The ISSS News Blog issued a post with strong opposition to the proposed change just five days after the rule hit the register, stating that “Duration of Status” is a unique type of entry available to international students and scholars that allows admission to the United States for those who are coming to the U.S. on F and J visa categories.  

“We greatly believe in the value our international students and scholars bring to our campus and community, and creating uncertainty over our students’ ability to complete their programs is an unreasonable action,” ISSS wrote in its post.

F and J visas are unique as unlike other visas, as instead of getting a fixed date by which they have to leave the country such as in an I-94, they have D/S written on their visa. This is because the recipients are unsure of how long their program is going to last. 

These visas have additional documents, such as I-20 and DS-2019 for F and J visas, respectively, which contain program information and the expected date for program completion.

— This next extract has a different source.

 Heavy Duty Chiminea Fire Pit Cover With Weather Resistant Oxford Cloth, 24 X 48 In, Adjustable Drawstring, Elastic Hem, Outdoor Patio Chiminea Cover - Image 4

This document is controlled by the program sponsor, which in this case is the University.

Therefore, with the help of academic advisors and departments, the University can grant extensions which may be required due to unexpected delays in research and medical issues.

All this, however, may change with the elimination of this rule. 

The USCIS has said that the maximum time period that one can be admitted to before you require an extension is four years, which may also not be guaranteed for certain countries that have been listed by the department of state for various reasons. This uncertainty may also result in students preferring other study destinations over the U.S.

“The University opposes this, and is currently discussing this at the system level, so not just the University of Illinois at Urbana-Champaign, but Springfield and Chicago as well, and we plan on responding comprehensively with a list of reasons as to why this is bad, not just for the University, but for higher education in the United States,” McFarlane said.

He said the response will be reviewed at the “provost, chancellor or president level,” and it would be submitted before the 30-day comment deadline.